Support Village Voice News With a Donation of Your Choice.
(BBC NEWS) Police have started to clear a blockade of the main crossing between Canada and the United States.
After days of protests by truckers against Covid rules at the Ambassador Bridge in Ontario, officers urged them to heed an injunction against the demonstration.
The vital trade route links Windsor, Ontario, with Detroit, Michigan.
Truckers’ protests against Covid vaccine mandates are also ongoing at other border crossings and in Ottawa.
The self-styled “Freedom Convoy” movement was started by Canadian truckers opposed to a vaccinate-or-quarantine order for drivers crossing the border.
Friday’s court order against the blockade was filed by the city of Windsor and the Automotive Parts Manufacturers’ Association, which argued that it was losing as much as $50m ($39m; £29m) per day because of the convoy.
Following the injunction, Windsor Police put out a statement to “make demonstrators clearly aware that it is a criminal offence” to block the border crossing. The police added that a criminal conviction could lead to the seizure of vehicles and the inability to enter the US. But hours later, crowds of people waving Canadian flags flouted the order and continued to occupy the bridge. Police added on Saturday: “We urge all demonstrators to act lawfully [and] peacefully. Commuters are still being asked to avoid the areas affected by the demonstrations at this time.”
- Hundreds of other protesters continue to demonstrate in the centre of Ottawa, the nation’s capital. Two other border crossings with the US are also being blocked by anti vaccine mandate protesters. Prime Minister Justin Trudeau spoke with US President Joe Biden about the border blockades on Friday.

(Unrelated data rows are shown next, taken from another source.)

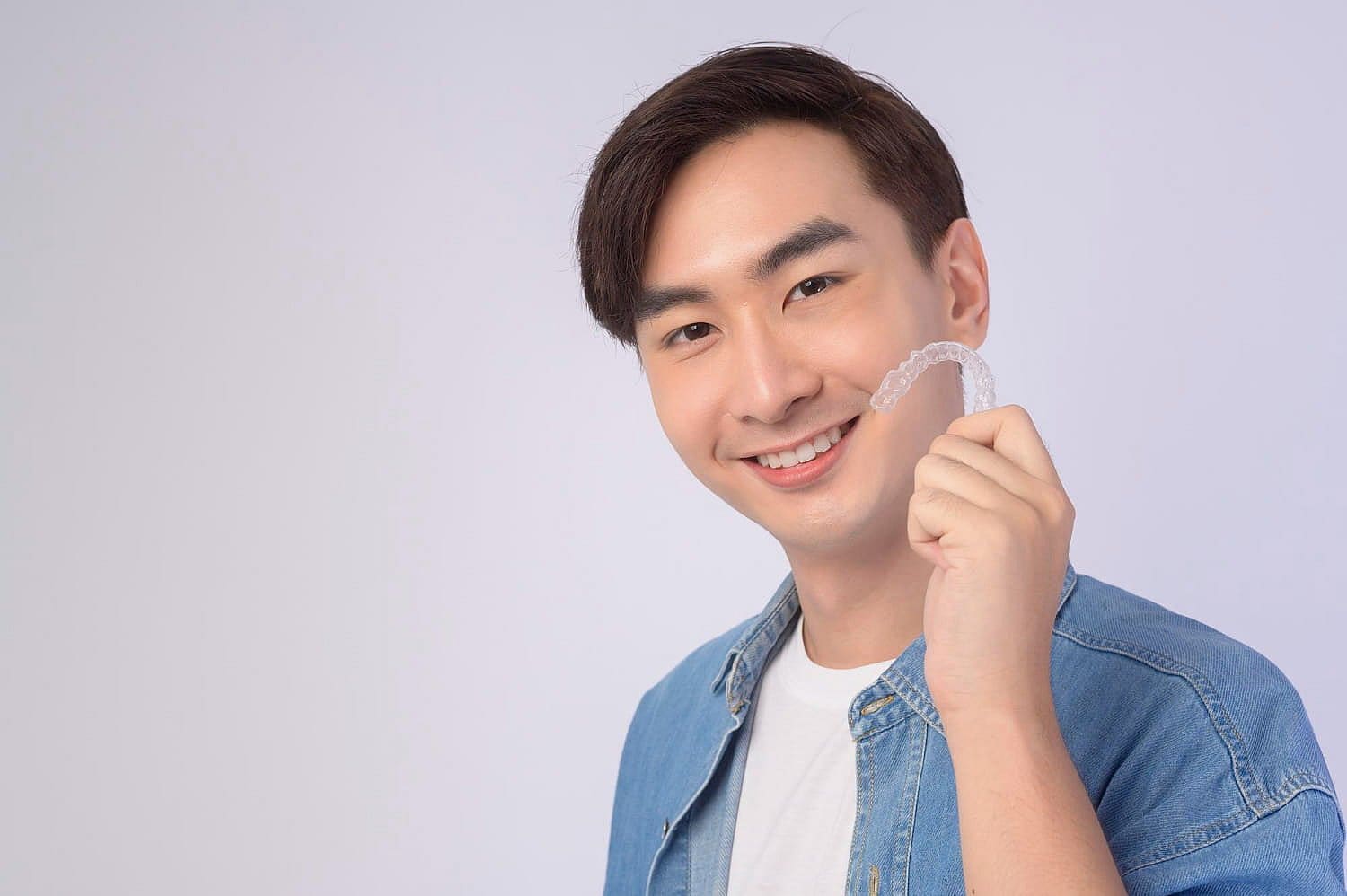 Person smiling and holding a clear dental aligner, wondering if Invisalign might be covered by insurance. They're dressed casually in a blue shirt layered over a white t-shirt in San Antonio, TX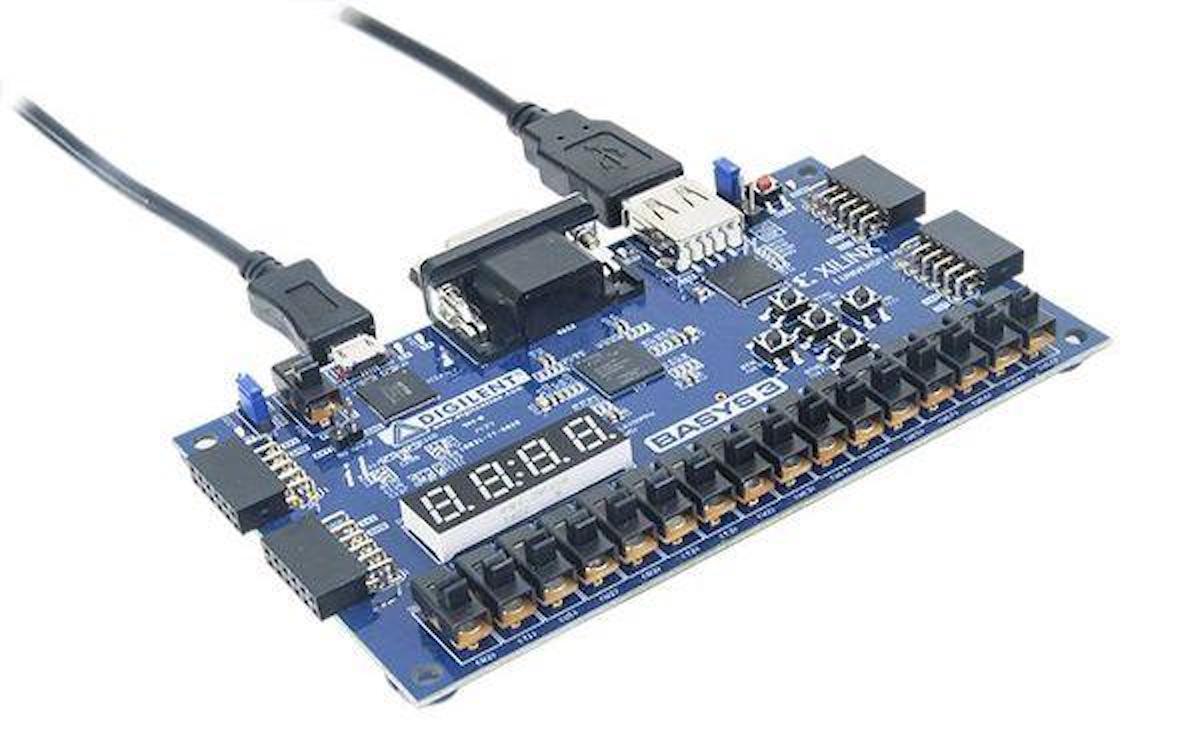 Blue FPGA Basys 3 Artix-7 board with microcontrollers, sensores, módulos, and USB cables connected for electrónica and. - FPGA Basys 3 Artix-7 - Microbot México - Default Title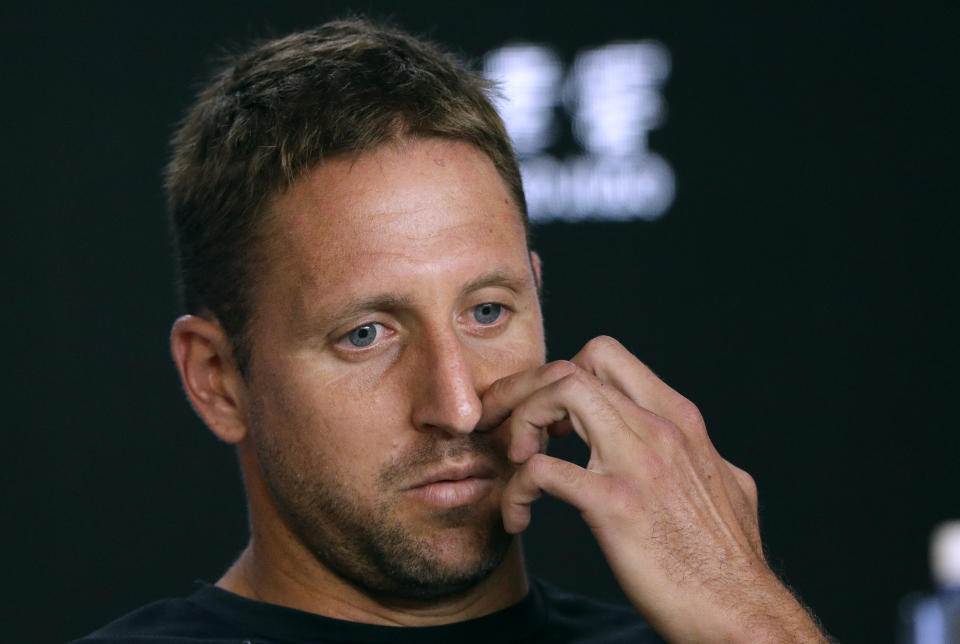 Tennys Sandgren of the U.S. answers questions at a press conference following his quarterfinal loss to Switzerland's Roger Federer at the Australian Open tennis championship in Melbourne, Australia, Tuesday, Jan. 28, 2020. (AP Photo/Mark Baker)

The week-long disruption to the bridge, which accounts for roughly 25% of US-Canada annual trade estimated to be worth $1.7bn (£1.2bn) a day, rocked the car manufacturing industry.
General Motors, Ford, Toyota and Honda plants have been forced to halt production and cancel work shifts due to parts shortages caused by the blockade.
Speaking on Friday, Mr Trudeau urged the truckers “to go home now”, saying their frustration with Covid measures had been “heard”. “If you join the protests because you are tired of Covid, you need to understand that you are breaking laws. The consequences are becoming more and more severe,” he warned.
“You don’t want to end up losing your licence, end up with a criminal record, which will impact your job, your livelihood, even your ability to travel internationally, including to the US.” But many of those protesting at the bridge said they would continue to demonstrate no matter the consequences.
“Bring it,” one of those blocking the bridge, Chris Mayville, told Canadian broadcaster CBC News. “Do you think I care? Do you think I care about a fine? I’m going to pay a fine? No. You think I care about their mandates? No. This needs to end.”
Elsewhere, in Canada’s financial capital Toronto, police braced for protests by expanding a cordon in the city centre. There were also tense scenes in France, where thousands of police officers attempted to stop anti-restriction demonstrators from disrupting traffic in Paris.